Additional examinations, tests, and procedures may include:
- Clinical procedures: Your health care provider may recommend clinical procedures like bone marrow aspiration (removing a small sample of liquid bone marrow to check blood cells) or biopsy (taking a small solid piece of bone marrow to look at blood cell production) to further evaluate your condition.
- Follow-up exams: Regular follow-up exams can help monitor changes in your platelet count and assess the progression of ITP.
It's important to note that the specific examinations, tests, and procedures may vary depending on individual circumstances. Your health care provider will guide you through the diagnostic process and determine the most appropriate approach for your situation.
The goals of treatment for idiopathic thrombocytopenic purpura are to increase platelet count and reduce the risk of bleeding. Here are the recommended treatments and how they work to achieve these goals:
Medications:
- Corticosteroids: These drugs help suppress the immune system, reducing the destruction of platelets.
- Intravenous immunoglobulin (IVIG): IVIG contains antibodies that can block the destruction of platelets by the immune system.
- Thrombopoietin receptor agonists (TPO-RAs): TPO-RAs stimulate the production of platelets in the bone marrow.
- Rituximab: This medication targets specific immune cells involved in platelet destruction.
Therapeutic procedures:
- Platelet transfusion: In severe cases, transfusing platelets can temporarily raise platelet counts and prevent bleeding.
- Splenectomy: Surgical removal of the spleen can reduce platelet destruction, but it is usually considered when other treatments fail.
Self-care and health behavior changes:
- Avoid activities that may increase the risk of bleeding, such as contact sports
- Avoid certain medications that affect platelet function, such as non-steroidal anti-inflammatory drugs (NSAIDs) like ibuprofen.

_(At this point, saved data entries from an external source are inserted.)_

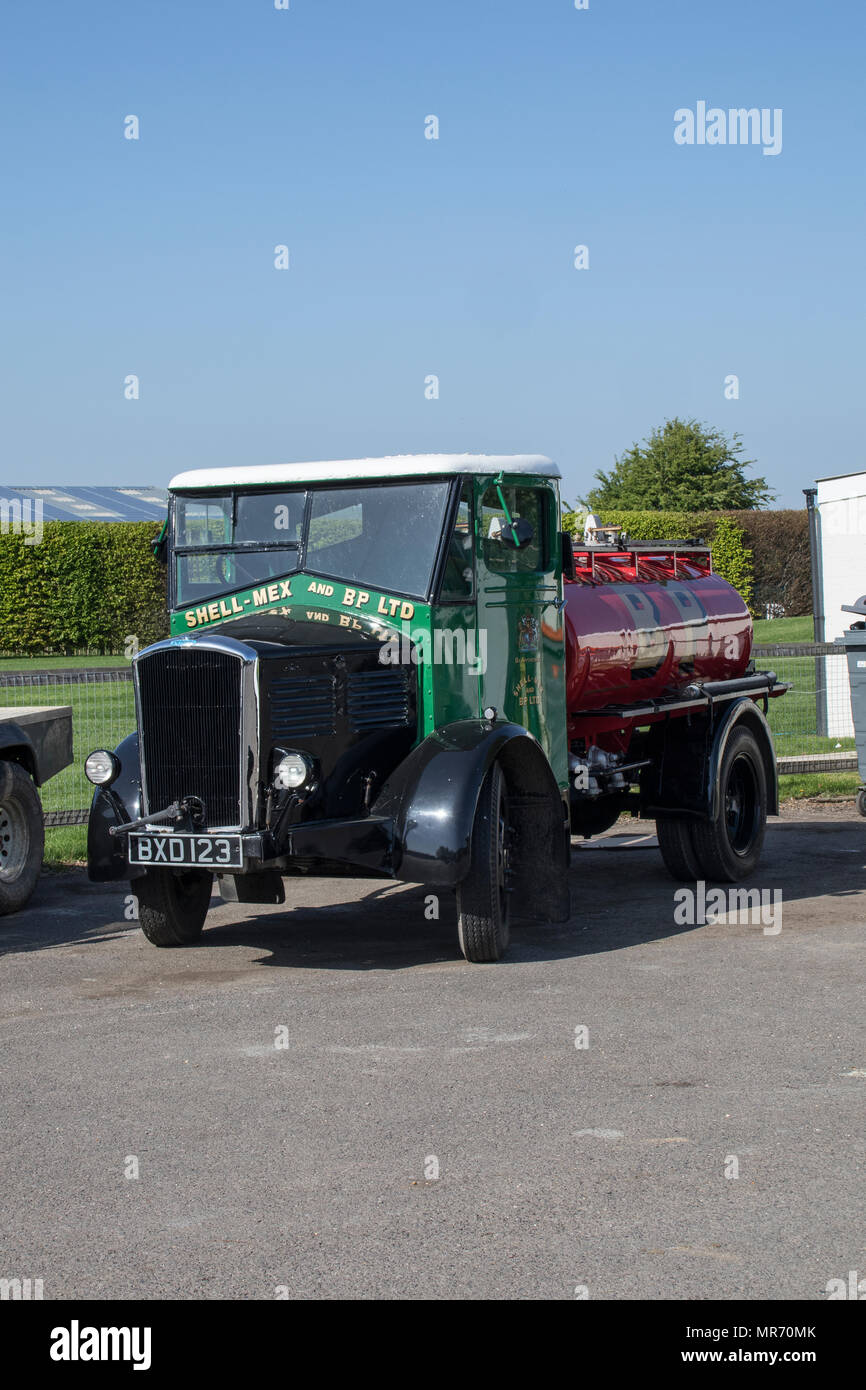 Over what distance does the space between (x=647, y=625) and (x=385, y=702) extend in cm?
283

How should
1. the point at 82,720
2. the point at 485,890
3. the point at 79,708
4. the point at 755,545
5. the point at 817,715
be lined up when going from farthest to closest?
the point at 755,545 → the point at 817,715 → the point at 82,720 → the point at 79,708 → the point at 485,890

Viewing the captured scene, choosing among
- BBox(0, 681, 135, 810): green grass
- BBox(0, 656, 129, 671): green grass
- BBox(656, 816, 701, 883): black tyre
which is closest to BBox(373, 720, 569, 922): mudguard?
BBox(656, 816, 701, 883): black tyre

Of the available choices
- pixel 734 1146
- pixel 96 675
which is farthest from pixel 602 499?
pixel 734 1146

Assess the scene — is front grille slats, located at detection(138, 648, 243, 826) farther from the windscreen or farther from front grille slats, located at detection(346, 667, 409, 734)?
the windscreen

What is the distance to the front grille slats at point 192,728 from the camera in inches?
290

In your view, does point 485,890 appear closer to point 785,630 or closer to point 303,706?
point 303,706

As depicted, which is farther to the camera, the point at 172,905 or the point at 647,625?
the point at 647,625

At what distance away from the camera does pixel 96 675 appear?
43.9 ft

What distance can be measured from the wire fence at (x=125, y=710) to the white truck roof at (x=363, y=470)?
2.42 metres

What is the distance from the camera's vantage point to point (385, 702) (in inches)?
314

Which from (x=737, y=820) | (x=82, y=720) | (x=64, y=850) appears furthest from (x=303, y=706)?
(x=82, y=720)

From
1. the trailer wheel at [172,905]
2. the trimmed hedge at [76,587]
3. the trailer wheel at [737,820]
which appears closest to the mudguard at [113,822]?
the trailer wheel at [172,905]

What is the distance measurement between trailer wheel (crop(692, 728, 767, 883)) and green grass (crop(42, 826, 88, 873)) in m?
4.39
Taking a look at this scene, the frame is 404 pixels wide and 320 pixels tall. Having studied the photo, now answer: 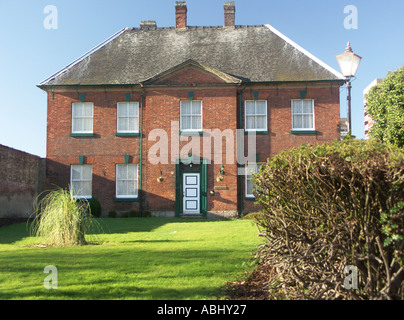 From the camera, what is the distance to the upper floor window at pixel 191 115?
20.5m

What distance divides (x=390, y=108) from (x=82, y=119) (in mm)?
16970

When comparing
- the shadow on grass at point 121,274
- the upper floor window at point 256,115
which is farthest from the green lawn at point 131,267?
the upper floor window at point 256,115

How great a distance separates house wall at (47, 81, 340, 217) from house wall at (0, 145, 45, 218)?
0.66m

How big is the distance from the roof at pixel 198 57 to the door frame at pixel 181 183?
4.58m

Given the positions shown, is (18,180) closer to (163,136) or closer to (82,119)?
(82,119)

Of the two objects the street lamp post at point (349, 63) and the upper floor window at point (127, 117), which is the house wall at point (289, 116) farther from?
the street lamp post at point (349, 63)

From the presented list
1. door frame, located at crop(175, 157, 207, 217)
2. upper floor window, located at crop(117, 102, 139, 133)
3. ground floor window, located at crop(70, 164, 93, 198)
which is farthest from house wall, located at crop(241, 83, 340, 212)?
ground floor window, located at crop(70, 164, 93, 198)

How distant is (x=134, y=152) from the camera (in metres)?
20.6

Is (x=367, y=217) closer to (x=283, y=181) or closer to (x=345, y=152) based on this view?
(x=345, y=152)

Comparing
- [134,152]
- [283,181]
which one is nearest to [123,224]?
[134,152]

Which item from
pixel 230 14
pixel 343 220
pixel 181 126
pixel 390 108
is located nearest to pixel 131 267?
pixel 343 220

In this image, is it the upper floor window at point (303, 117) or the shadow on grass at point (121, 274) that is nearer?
the shadow on grass at point (121, 274)

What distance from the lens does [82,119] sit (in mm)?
21016

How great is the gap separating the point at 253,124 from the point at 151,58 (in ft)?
22.2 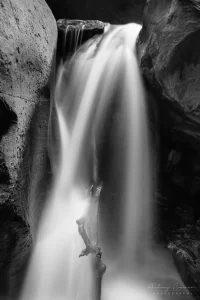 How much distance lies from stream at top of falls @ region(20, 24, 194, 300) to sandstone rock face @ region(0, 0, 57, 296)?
0.44m

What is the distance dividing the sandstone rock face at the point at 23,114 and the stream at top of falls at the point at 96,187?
436 mm

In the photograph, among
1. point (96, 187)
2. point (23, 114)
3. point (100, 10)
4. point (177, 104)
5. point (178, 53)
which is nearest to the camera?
point (23, 114)

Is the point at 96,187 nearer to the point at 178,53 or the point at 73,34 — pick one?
the point at 178,53

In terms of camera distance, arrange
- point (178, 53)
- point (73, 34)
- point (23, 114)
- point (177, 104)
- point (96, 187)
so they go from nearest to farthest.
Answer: point (23, 114), point (178, 53), point (177, 104), point (96, 187), point (73, 34)

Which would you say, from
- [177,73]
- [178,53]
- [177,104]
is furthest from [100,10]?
[177,104]

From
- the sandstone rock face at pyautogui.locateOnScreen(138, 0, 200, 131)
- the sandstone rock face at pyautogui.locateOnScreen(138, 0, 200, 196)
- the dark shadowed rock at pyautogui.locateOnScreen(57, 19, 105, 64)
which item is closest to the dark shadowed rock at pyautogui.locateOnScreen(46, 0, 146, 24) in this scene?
the dark shadowed rock at pyautogui.locateOnScreen(57, 19, 105, 64)

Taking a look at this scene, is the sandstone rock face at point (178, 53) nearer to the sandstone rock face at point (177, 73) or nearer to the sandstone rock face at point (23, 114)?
the sandstone rock face at point (177, 73)

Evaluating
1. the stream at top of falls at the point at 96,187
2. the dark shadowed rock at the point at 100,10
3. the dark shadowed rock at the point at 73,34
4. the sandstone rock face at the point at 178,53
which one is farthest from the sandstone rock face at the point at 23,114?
the dark shadowed rock at the point at 100,10

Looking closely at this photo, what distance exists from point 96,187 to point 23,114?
78.4 inches

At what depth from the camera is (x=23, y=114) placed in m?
2.67

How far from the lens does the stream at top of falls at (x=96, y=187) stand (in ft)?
9.57

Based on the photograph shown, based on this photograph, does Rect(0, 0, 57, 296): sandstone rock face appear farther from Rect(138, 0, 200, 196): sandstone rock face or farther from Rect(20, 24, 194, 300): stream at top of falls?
Rect(138, 0, 200, 196): sandstone rock face

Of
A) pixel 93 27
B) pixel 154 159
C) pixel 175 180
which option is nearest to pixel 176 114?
pixel 154 159

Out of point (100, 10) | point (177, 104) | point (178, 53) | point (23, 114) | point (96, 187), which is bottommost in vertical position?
point (96, 187) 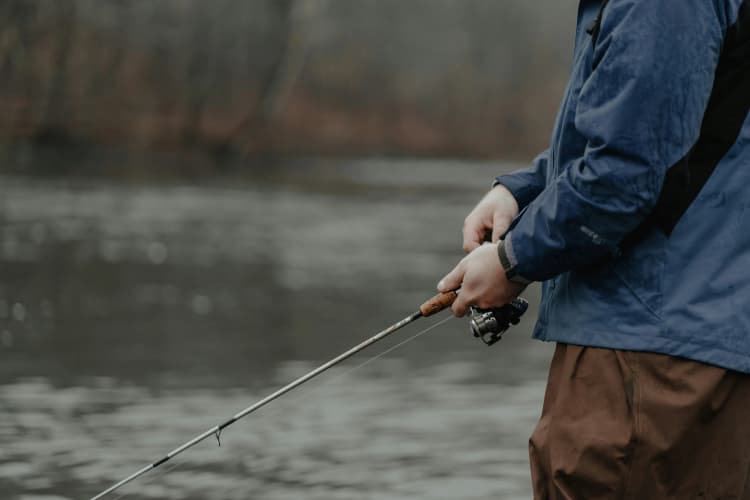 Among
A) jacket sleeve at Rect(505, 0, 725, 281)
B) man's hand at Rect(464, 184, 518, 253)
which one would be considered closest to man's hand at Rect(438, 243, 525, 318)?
jacket sleeve at Rect(505, 0, 725, 281)

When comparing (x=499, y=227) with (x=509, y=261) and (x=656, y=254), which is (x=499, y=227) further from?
(x=656, y=254)

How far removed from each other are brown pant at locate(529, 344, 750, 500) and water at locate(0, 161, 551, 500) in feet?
8.26

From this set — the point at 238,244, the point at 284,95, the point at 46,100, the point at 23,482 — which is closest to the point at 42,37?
the point at 46,100

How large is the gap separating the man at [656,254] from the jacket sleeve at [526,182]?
18.6 inches

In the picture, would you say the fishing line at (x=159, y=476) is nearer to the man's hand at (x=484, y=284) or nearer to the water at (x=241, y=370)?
the water at (x=241, y=370)

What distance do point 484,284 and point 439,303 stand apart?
0.75 feet

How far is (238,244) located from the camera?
13.8m

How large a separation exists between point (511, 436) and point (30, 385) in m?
2.31

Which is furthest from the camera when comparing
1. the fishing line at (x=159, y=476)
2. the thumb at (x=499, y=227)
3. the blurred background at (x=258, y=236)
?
the blurred background at (x=258, y=236)

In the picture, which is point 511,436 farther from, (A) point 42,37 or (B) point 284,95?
(B) point 284,95

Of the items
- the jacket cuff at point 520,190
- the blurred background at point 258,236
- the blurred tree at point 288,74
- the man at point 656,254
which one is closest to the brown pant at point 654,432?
the man at point 656,254

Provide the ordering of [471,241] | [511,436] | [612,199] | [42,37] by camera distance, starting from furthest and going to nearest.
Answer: [42,37] < [511,436] < [471,241] < [612,199]

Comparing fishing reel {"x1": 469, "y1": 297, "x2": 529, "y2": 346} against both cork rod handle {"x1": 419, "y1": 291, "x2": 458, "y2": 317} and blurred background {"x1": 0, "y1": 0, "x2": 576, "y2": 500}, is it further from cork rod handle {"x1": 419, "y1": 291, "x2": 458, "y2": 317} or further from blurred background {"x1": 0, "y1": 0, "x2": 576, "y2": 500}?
blurred background {"x1": 0, "y1": 0, "x2": 576, "y2": 500}

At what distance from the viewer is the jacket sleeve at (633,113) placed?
93.0 inches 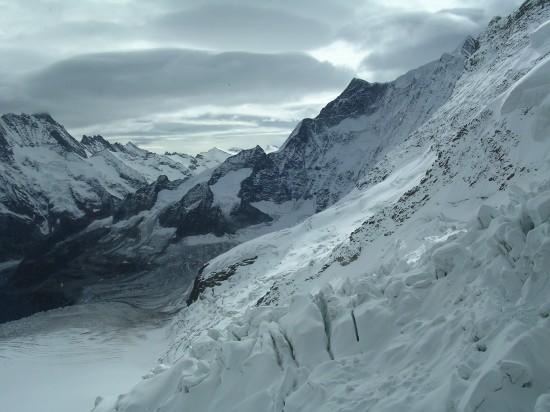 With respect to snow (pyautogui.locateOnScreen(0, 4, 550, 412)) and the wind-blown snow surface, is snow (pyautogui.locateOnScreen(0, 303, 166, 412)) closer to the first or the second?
the wind-blown snow surface

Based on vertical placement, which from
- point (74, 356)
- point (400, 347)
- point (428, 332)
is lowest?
point (74, 356)

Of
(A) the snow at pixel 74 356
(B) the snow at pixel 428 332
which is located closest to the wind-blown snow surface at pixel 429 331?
(B) the snow at pixel 428 332

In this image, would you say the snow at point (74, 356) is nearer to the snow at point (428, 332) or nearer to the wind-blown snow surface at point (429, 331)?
the wind-blown snow surface at point (429, 331)

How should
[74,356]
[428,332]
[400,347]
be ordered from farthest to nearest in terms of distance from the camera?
[74,356], [400,347], [428,332]

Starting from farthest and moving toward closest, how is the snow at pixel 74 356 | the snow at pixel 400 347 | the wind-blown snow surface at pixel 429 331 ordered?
the snow at pixel 74 356
the wind-blown snow surface at pixel 429 331
the snow at pixel 400 347

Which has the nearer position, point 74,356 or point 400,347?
point 400,347

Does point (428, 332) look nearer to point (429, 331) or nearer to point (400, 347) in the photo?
point (429, 331)

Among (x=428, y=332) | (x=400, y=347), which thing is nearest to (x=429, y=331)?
(x=428, y=332)

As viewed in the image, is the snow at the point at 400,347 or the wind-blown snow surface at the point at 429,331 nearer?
the snow at the point at 400,347

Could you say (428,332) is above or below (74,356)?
above

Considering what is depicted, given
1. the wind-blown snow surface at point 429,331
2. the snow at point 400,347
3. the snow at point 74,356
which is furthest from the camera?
the snow at point 74,356

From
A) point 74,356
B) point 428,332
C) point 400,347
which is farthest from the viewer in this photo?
point 74,356

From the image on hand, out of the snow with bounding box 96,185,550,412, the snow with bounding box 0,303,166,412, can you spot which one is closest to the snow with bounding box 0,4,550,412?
the snow with bounding box 96,185,550,412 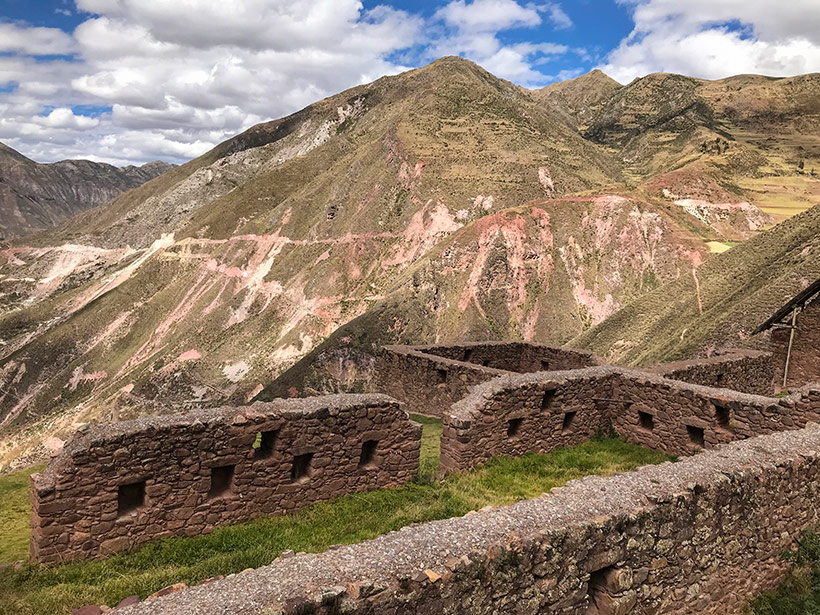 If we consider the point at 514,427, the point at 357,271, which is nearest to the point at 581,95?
the point at 357,271

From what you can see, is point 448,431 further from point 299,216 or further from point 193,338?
point 299,216

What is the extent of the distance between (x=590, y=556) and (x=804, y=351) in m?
16.5

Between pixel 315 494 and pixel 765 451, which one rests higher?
pixel 765 451

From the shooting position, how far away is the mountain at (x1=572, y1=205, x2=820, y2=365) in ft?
74.7

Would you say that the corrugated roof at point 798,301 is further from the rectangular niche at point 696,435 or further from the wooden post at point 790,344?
the rectangular niche at point 696,435

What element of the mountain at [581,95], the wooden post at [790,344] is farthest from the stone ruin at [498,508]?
the mountain at [581,95]

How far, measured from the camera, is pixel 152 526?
8.56m

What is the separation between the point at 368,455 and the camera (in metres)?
10.6

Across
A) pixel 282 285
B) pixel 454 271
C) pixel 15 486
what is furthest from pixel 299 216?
pixel 15 486

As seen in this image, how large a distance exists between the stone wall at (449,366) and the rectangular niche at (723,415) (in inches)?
234

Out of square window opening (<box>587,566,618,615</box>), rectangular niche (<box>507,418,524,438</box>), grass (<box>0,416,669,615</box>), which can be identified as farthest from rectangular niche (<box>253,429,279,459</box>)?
square window opening (<box>587,566,618,615</box>)

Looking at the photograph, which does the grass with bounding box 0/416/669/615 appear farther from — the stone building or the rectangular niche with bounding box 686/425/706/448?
the stone building

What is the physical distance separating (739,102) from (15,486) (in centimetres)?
15125

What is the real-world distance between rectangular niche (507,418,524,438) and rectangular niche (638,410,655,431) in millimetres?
3017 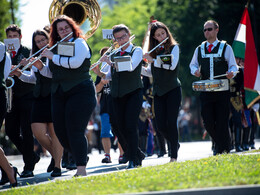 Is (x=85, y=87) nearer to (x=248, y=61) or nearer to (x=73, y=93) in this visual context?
(x=73, y=93)

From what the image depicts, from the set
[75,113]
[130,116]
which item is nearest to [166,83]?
[130,116]

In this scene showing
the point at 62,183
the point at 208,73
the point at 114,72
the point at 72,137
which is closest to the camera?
the point at 62,183

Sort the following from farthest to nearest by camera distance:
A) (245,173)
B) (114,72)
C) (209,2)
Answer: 1. (209,2)
2. (114,72)
3. (245,173)

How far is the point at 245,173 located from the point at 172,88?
2.88 metres

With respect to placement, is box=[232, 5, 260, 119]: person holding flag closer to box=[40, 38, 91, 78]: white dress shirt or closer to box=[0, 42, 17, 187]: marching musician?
box=[40, 38, 91, 78]: white dress shirt

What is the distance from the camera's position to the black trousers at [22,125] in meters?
9.41

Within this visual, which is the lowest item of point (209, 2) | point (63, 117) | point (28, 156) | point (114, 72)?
point (28, 156)

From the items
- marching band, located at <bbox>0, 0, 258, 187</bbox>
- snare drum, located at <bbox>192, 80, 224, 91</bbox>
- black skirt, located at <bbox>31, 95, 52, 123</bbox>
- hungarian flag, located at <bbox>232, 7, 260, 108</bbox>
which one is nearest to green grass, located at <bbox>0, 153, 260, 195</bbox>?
marching band, located at <bbox>0, 0, 258, 187</bbox>

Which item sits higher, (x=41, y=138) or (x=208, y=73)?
(x=208, y=73)

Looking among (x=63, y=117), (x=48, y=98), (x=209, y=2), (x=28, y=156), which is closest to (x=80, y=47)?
(x=63, y=117)

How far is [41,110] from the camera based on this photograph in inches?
366

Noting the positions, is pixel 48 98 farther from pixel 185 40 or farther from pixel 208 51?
pixel 185 40

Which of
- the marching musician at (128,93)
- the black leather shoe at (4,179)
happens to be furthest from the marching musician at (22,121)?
the marching musician at (128,93)

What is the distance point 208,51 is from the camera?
995 cm
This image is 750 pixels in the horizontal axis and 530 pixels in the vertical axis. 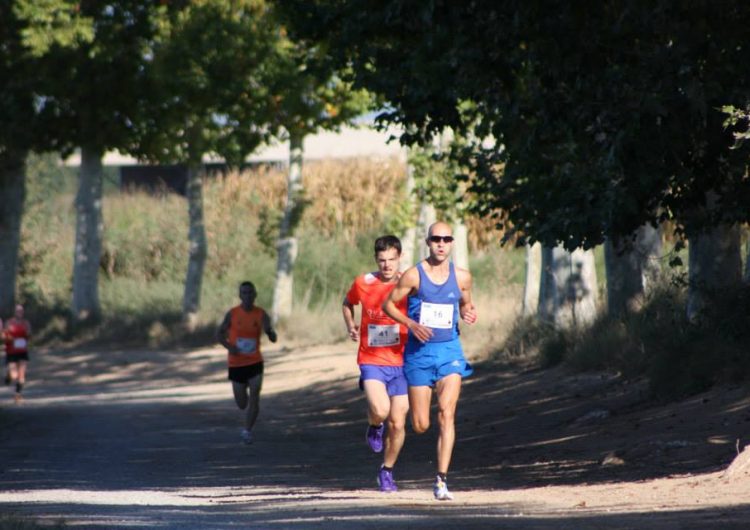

It's important to note that these treatment options should be discussed with a healthcare professional before making any decisions.
Medication dosing may be affected by many factors. Check with your health care professional about dosing for your individual situation. Side effects can occur. Check with your health care professional or read the information provided with your medication for side effect information.